November 12, 2014 — Switchbacks FC will hold the club’s inaugural tryout at the Pride Soccer Complex east of Colorado Springs from November 22 to 23. Capped at 140, the pool of trialists paid $150 each for a chance to make the new USL Pro roster for the 2015 season.
A week before the tryout, head coach Steve Trittschuh said, “We have so many good players in this country. Tryouts give us a chance to find a diamond in the rough.”

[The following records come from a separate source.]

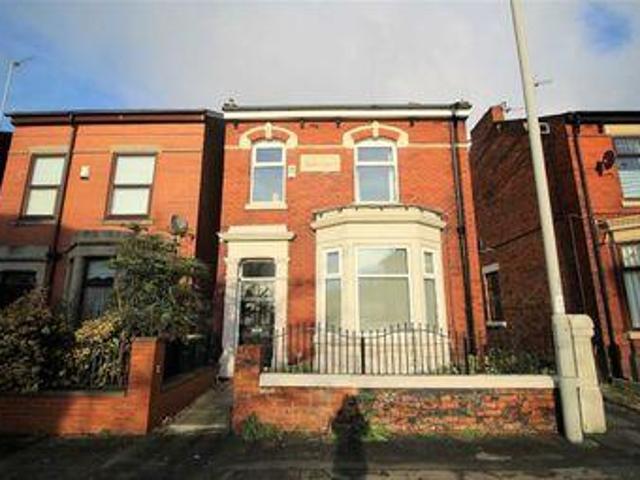 House for sale in Higher Bartle, Lancashire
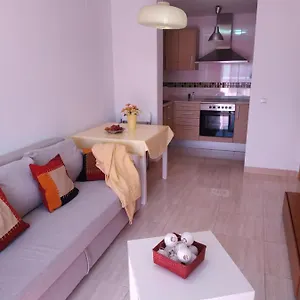 Apartmenthome Apartamento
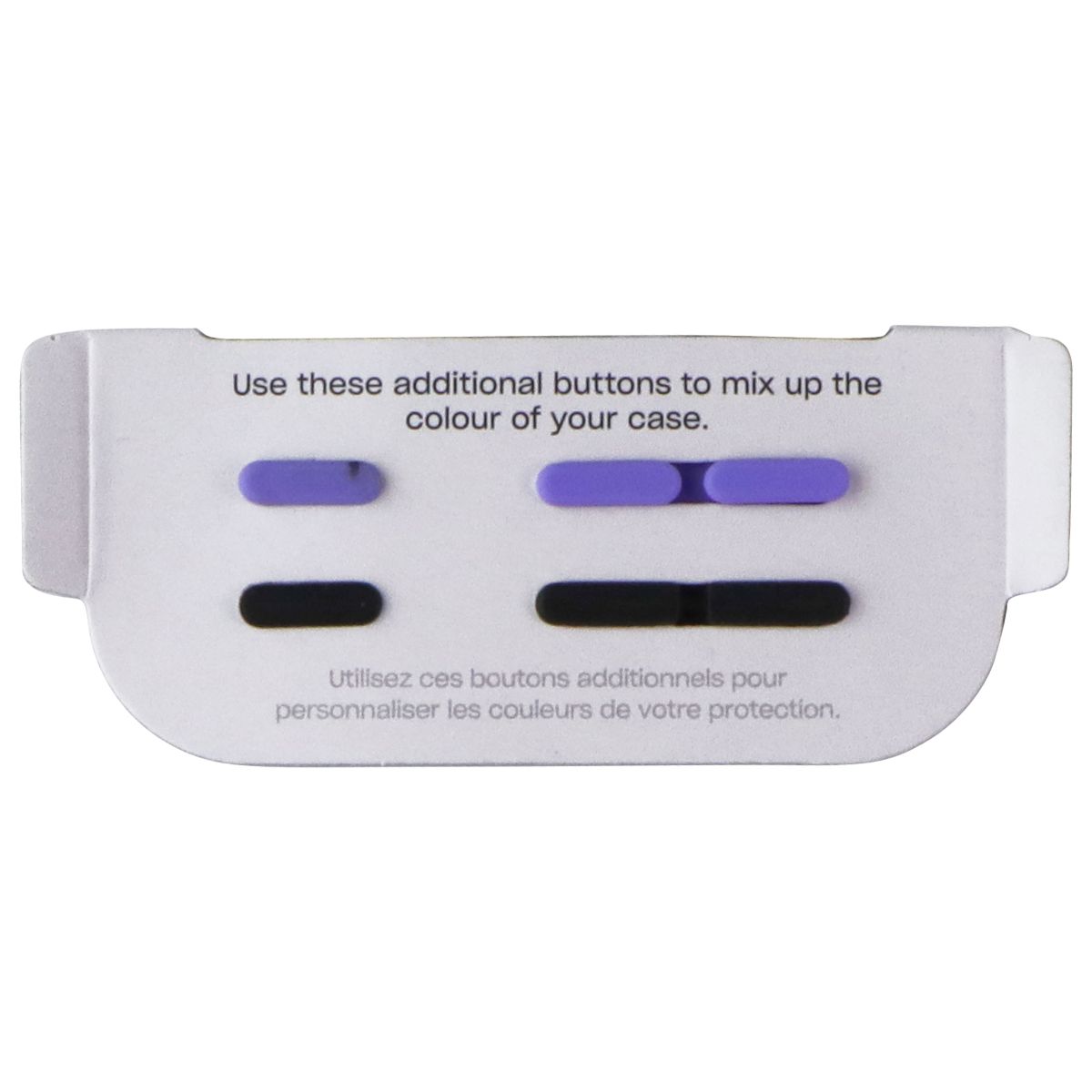 Tech21 EvoCheck Series Gel Case for Motorola Edge (2022) - Blue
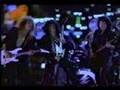 FREHLEY'S COMET - Into The Night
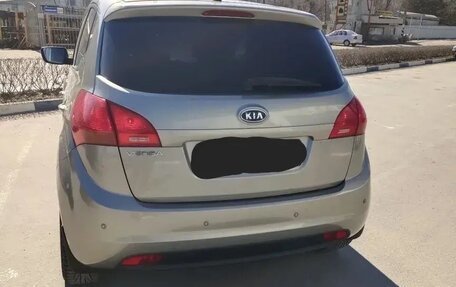 KIA Venga I, 2012 год, 780 000 рублей, 6 фотография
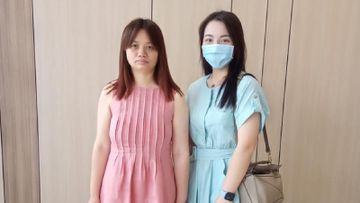 新亞視一姐薛影儀,阿儀不紅天理不容,ATV再受關注,鄧俊杰,亞視品牌值10億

“I’m a big fan of tryouts,” Seattle Sounders top assistant coach Brian Schmetzer noted in 2013. “In the first open tryout for the [Sounders] USL team in 2002, we were playing in Memorial stadium. Chance [Fry] and I sat in the stands watching 100-some guys. I remember Chance saying, ‘you gotta look at this this guy [Zach Scott]. He has won every headball that has come his way.’ He was head and shoulders above everybody else. He was tenacious. But he wasn’t very technical. All he could really do was head the ball. The more I watched him, I said I’d take him. We only took two guys. So Zach signed with us. I sent him to Andy [Schmetzer, Brian’s younger brother] who was coaching the Cleveland Crunch. I told Zach, ‘Your feet are terrible. Go play some indoor soccer, and maybe that will get your feet better.’ Andy called me up and asked, ‘why did you send me him? He’s terrible.’ Testament to Zach’s character, he kept working and working. Now he’s improved, and he’s a starting center back on one of the better teams in MLS. We got him from an open tryout.”
Trittschuh has been scouting games in Colorado at all levels lately, a process he’ll continue after the tryout weekend. “I’ve been in contact with coaches,” Trittschuh said, noting affiliation with Real Colorado (PDL Foxes and youth), Rush, Pride, Corinthians, and other clubs and colleges. Trittschuh’s scouting work for academies also gives him insight into rising young talent.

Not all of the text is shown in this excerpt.